Independentemente do que vier a acontecer na cimeira de chefes de Estado e de governo da União Europeia deste domingo, 12 Julho, marcada para discutir pela enésima vez a crise grega (escrevo este artigo antes de a reunião ter começado), uma coisa é indubitavelmente certa: a União Europeia, enquanto projecto e entidade político-administrativa, sai desta crise muito enfraquecida. Este é um facto que parece dar razão àqueles que a criticam por ser extremamente burocrática, demasiado focada nas questões macroeconómicas e menos nos problemas e cada vez menos solidária, quer entre os diferentes Estados-membros quer entre as pessoas, os cidadãos da União – e desde 1992, com o Tratado de Maastricht, todos os cidadãos dos diferentes Estados-membros são cidadãos europeus, como atesta o passaporte de cada uma ou um. grécia
Para uma certa Europa, para a Europa que influencia a União Europeia e é capaz de determinar o seu rumo, a Grécia não é uma parte importante. Foi apenas até 2012, quando um segundo regaste financeiro teve de ser aprovado para salvar alguns bancos alemães e franceses de uma situação muito complicada – afinal eram eles quem tinha emprestado ao governo grego e estavam na contingência de não verem os seus créditos pagos, porque em apenas dois anos de austeridade imposta pela troika, o Estado grego estava de novo à beira do incumprimento.
Agora é oficial – diz o FMI e insistem os norte-americanos. Sabe-se que as medidas foram extremamente gravosas e que a Grécia não vai lá sem um terceiro empréstimo internacional nem um aliviamento (pleonasmo para perdão) das condições dos dois anteriores. Mas alguns países não parecem estar disponíveis para ceder. Falta-lhes vontade para atravessar a sua metade da ponte para encontrar o Syriza – a coligação da esquerda radical grega – e aceitar algumas das condições que estão agora sobre a mesa. Afinal, os últimos meses foram de avanços e de recuos. De ausência de boa-fé negocial. De reuniões gravadas às escondidas através do iPhone e depois transcritas na imprensa.
Por mais que a Grécia tenha feito o seu caminho, alguns elementos chave do Eurogrupo têm muitas dúvidas sobre a capacidade deste grupo de homens e mulheres que governa hoje a Grécia em cumprir a palavra dada. E isso mina qualquer negociação e põe em causa qualquer futuro a 19. Pelo menos a 19.
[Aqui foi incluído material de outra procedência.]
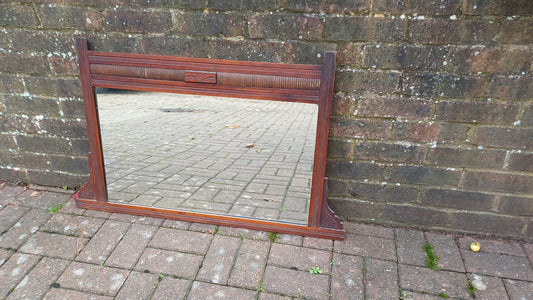 Vintage Mahogany Over Mantel Mantle Wall Mirror Late Victorian.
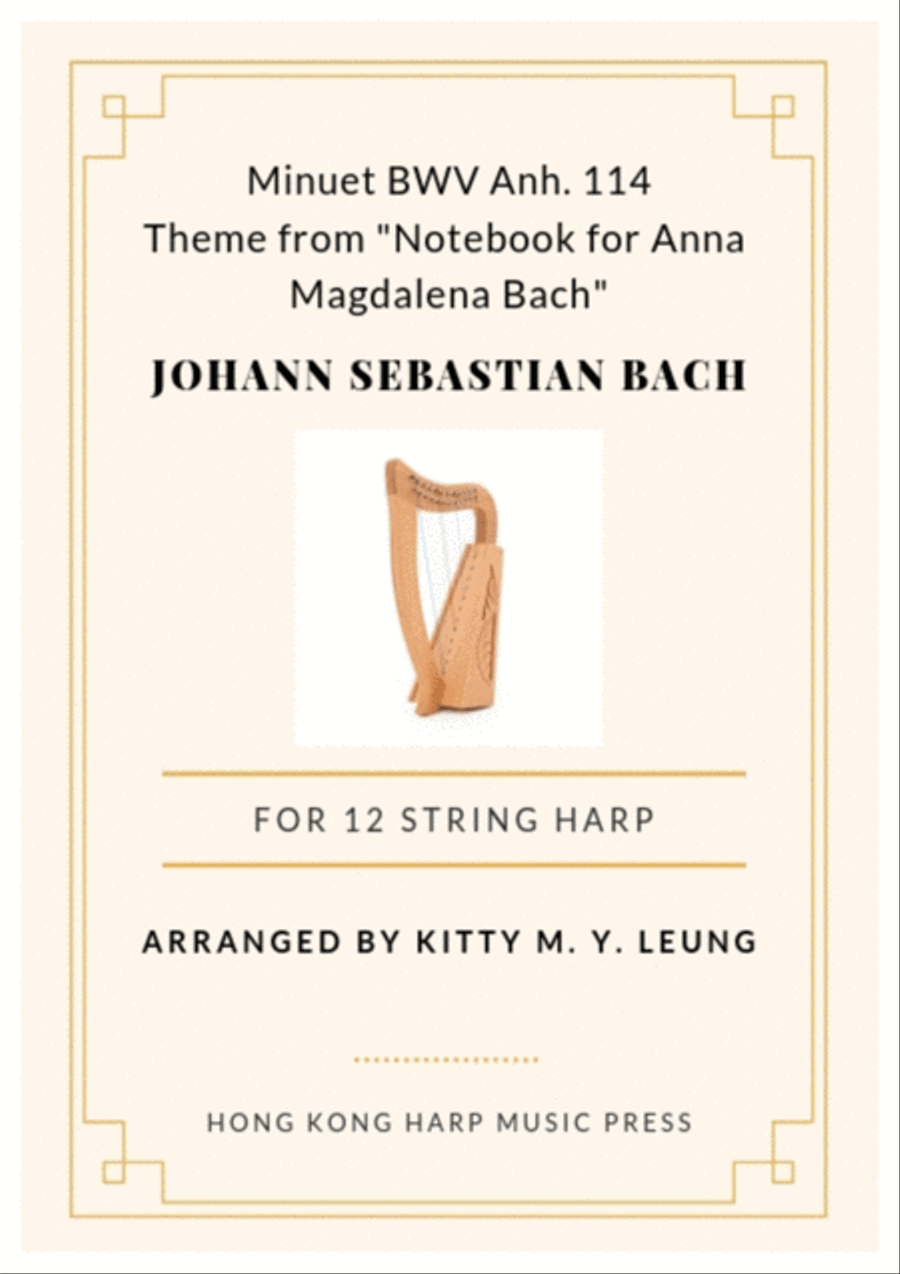 J. S. Bach Minuet - 12 String Small Lap Harp Lap Harp scores gallery preview page 1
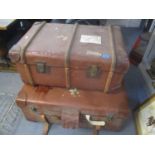 Two vintage leather twin handled suitcases and mixed framed pictures to include Michael Hunter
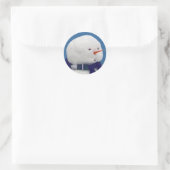 Aangeraden Snowman Selfie Ronde Sticker (Tas)
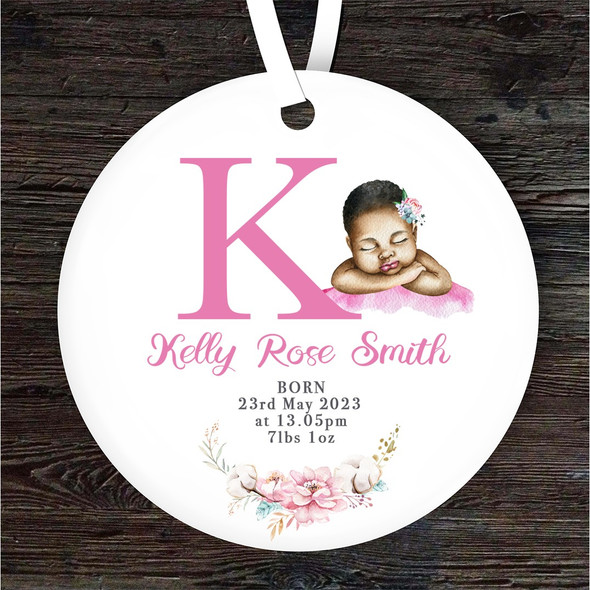 New Baby Girl Dark Skin New Baby Letter K Personalised Gift Hanging Ornament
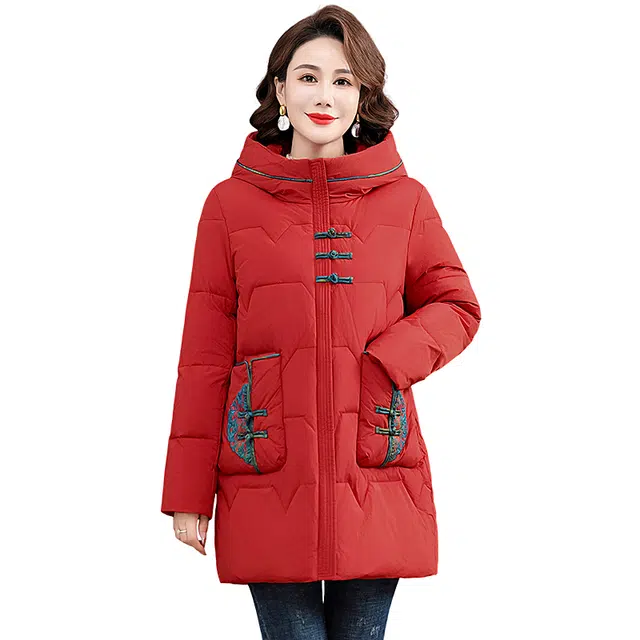 雅鹿 喜欢加厚保暖外套连帽款羽绒服 女款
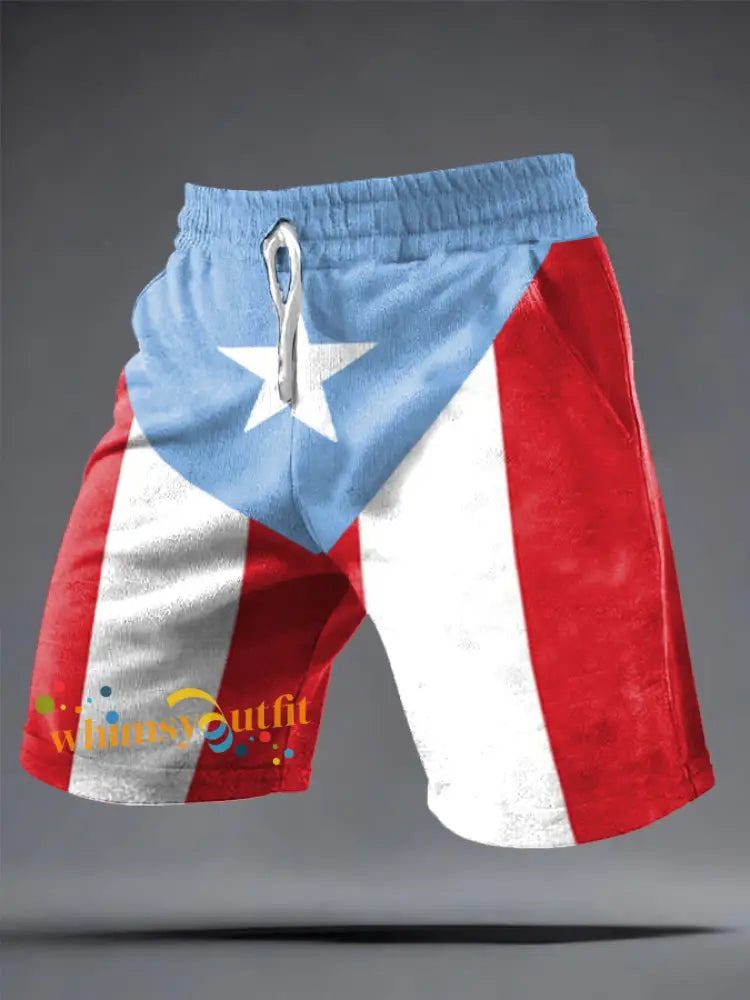 Men’s Puerto Rico Bunny Football Music Lover Printed Shorts As picture / S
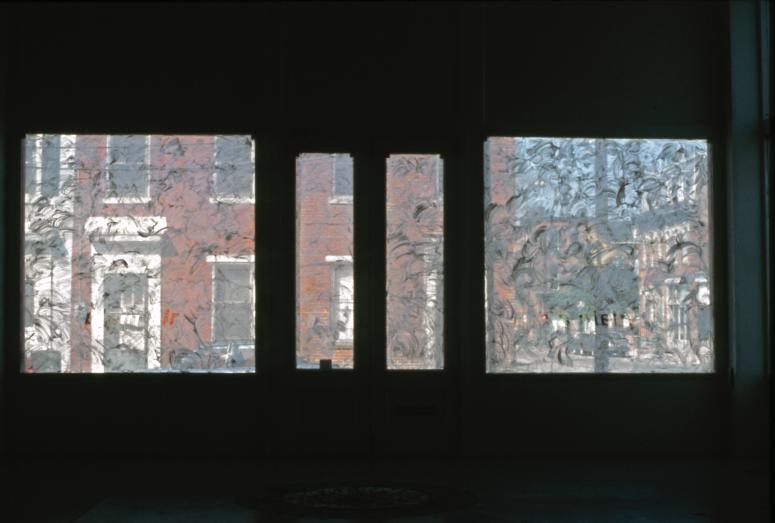 slide IRC.2012.00534 (old number: BRA.D-P002) showing Dove Bradshaw's installation, Plain Air, at the Mattress Factory, 1990.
Ainda para mais, depois de todo este processo – haja ou não fumo branco em Bruxelas neste domingo –, o Parlamento alemão terá ainda de apoiar a decisão. E essa parece ser um cenário pouco plausível. Na última semana, a opinião publicada alemã apontava para um só caminho, apelando à chanceler Angela Merkel para ser firme e rejeitar um entendimento com os gregos.
O objectivo principal não é o de afastar o mercado de 10 milhões potenciais compradores das mercadorias alemãs. É o de punir os eleitores da Grécia por terem escolhido uma coligação de esquerda radical para governar o país e evitar que outros países sigam a mesma estratégia. O problema não é “apenas” o da Grécia sair. É sair e no curto prazo apresentar indicadores positivos, o que tornará o “crime” ainda mais apetecível. E isto não lhes sai da cabeça.